1868 - Hippocampus - 1868
1868 New Staunch & Seaworthy Steamer
Researched by Deanna Branson West
Thus was the ads for the new steamer built to carry passengers and freight, sailing between the twin cities here and Chicago, Illinois. Captain: John Morrison.
Agents: Boughton & Morrison - St. Joseph - A. Burridge & N. Robbins - Benton Harbor and D. Chapman - Chicago, Illinois. Co-owners of this vessel built in 1866 were Capt. John Morrison and Capt. Curtis Boughton, St. Joseph pioneers. Built by skilled shipbuilders, she was 122 feet long with a beam of 21 feet. Over the cargo deck was a cabin deck for the comfort of passengers.
Terrible Disaster - The Propeller Hippocampus - Foundered at 2:45 a.m. on Monday: September 8, 1868 - Great Loss of Life
On the evening of the disaster, there was a large quantity of fruit waiting to be shipped and sitting in the A. Burridge warehouse. The ship had been running daily trips between between Benton Harbor to Chicago. She was a brand new ship and thought to be one of the best on the great lakes. Captain John Morrison had run a heavy schedule day and night for over two weeks and was nearing exhaustion. He retired his post for the day to get rest and turned the ship over to experienced hands. One of these men was Captain H. M. Brown an experienced but retired seaman.
One theory : It is thought that the freight coming on board was not properly balanced and too much stowed on the upper decks for the ballast contained in her hold. Continuing with this theory, it is thought that the load shifted in heavy sea, laying her on her side and taking on water. It is not clear as to who was in charge for loading. But she was heavy this trip with eight thousand packages (mostly peaches); with another 500 more left at the warehouse that she could not accommodate.
Another theory is she struck something in the water near the junction of the St. Joseph and Paw Paw rivers as she swung west, and that blow caused a leak to worsen and became too much for the bilge pumps to handle. In agreement is the fact that she sunk between 3 to 5 minutes allowing for no time to launch life boats or dump its load to keep her afloat. Those below deck, including engine room crew and firemen were trapped.
On Tuesday morning, September 9th, a dispatch came from Chicago stating the Hippocampus had not arrived. Ships were immediately dispatched from St. Joseph, one being: L.M.T. Co's boat "The St. Joseph"
On their return trip from Chicago several ships; The Steamer Comet, Propellers Benton and Dunbar passed through much of the floating wreck.

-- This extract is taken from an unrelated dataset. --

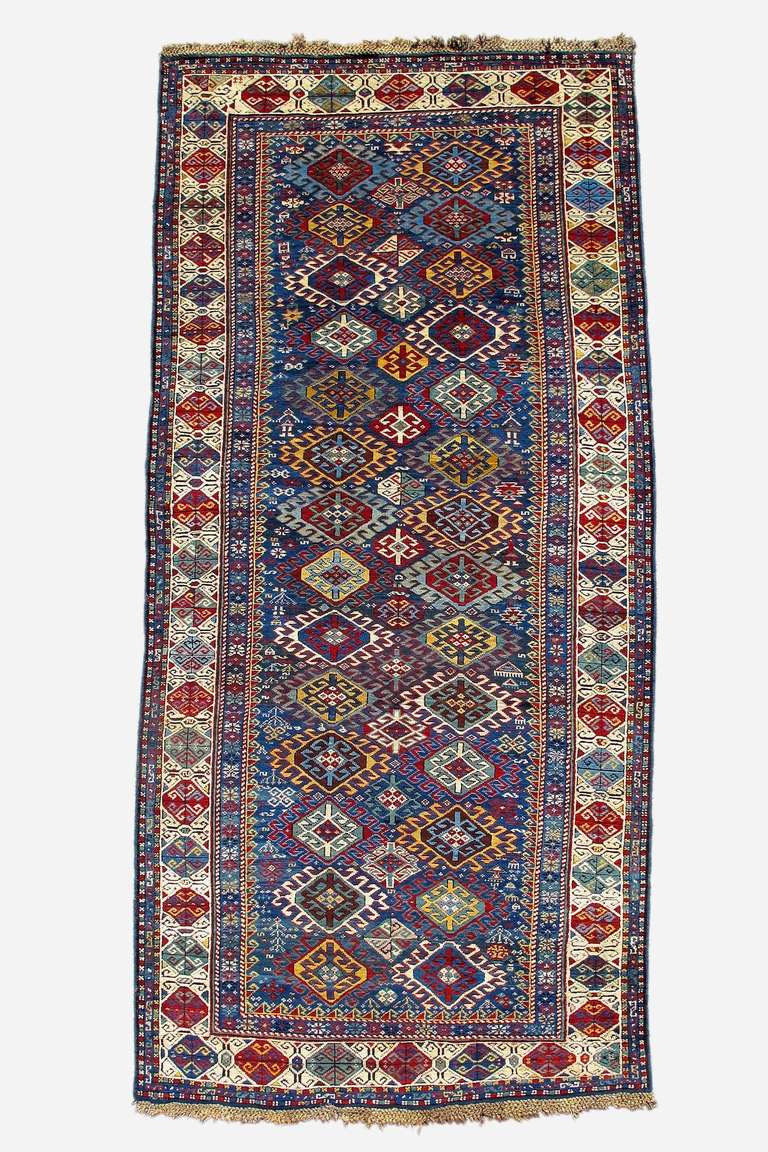 This Kuba long rug balances vivid color and a bold latch-hook pattern with fine detailing and attention to individual motifs. The two columns of latch-hook ornament are spaced so that a secondary column is formed from negative space. These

The Dunbar brought back a portion of the Pilot house from the ill fated ship. It was feared at this point that all souls had been lost. Later newspaper accounts stated that the wreckage was found about 28 miles from St. Joseph. There were 41 passengers and crew members aboard. Fifteen were saved.
Great News - A tug arrived from Saugatuck with 15 of the crew and passengers who were saved. Following list appeared St. Joseph Herald, Sep 19, 1868 and subsequent issues. Variations of spelling may be noted here:
|Edward N. Hatch||St.Joseph|
|H. Bailey||St. Joseph|
|George A. Fuller||Pipestone|
|Joseph Riford||Benton Harbor|
|Capt. Hiram M. Brown||St. Joseph|
|Clerk, John P. Bloom||St. Joseph|
|Wheelsman, Charles Morrison||St. Joseph|
|Cyrus Ritenhouse||St. Joseph|
|Charles Russell||Benton Harbor|
|E N Cooper||Pipestone|
|Thomas Johnson (colored)||Chicago|
|Marshall Robinson (colored)||Chicago|
|Alvin Burridge||Benton Harbor|
|W. S. Waterhouse||Benton Harbor|
|Al G. Palmer||Benton Harbor|
|Wm Vaughn||Benton Harbor|
|J. A. Marple||Benton Harbor|
|Uriah. Higbee or M. Higbee||Benton Harbor|
|J. K. Burridge||Benton Harbor|
|A P Whitney||Chicago|
|R. M. Burke||Pipestone|
|Robert Richardson, Mate||St. Joseph|
|R. T. Eustice, 1st Eng'r||Chicago|
|Wm. Brown, 2nd Eng'r||Chicago|
|B M Moore,||Chicago|
|W B Brant||Bainbridge|
|Charles Williams (colored)||Chicago|
|__ David (colored)||Chicago|
|H. Manuel (colored)||Benton Harbor|
|George B. VanHorn (colored)||Benton Harbor|
At half past One o'clock on October 18th, 1868 several of the twin city's Clergy held a memorial service in the village church for families of the men that did not make it home from the sea.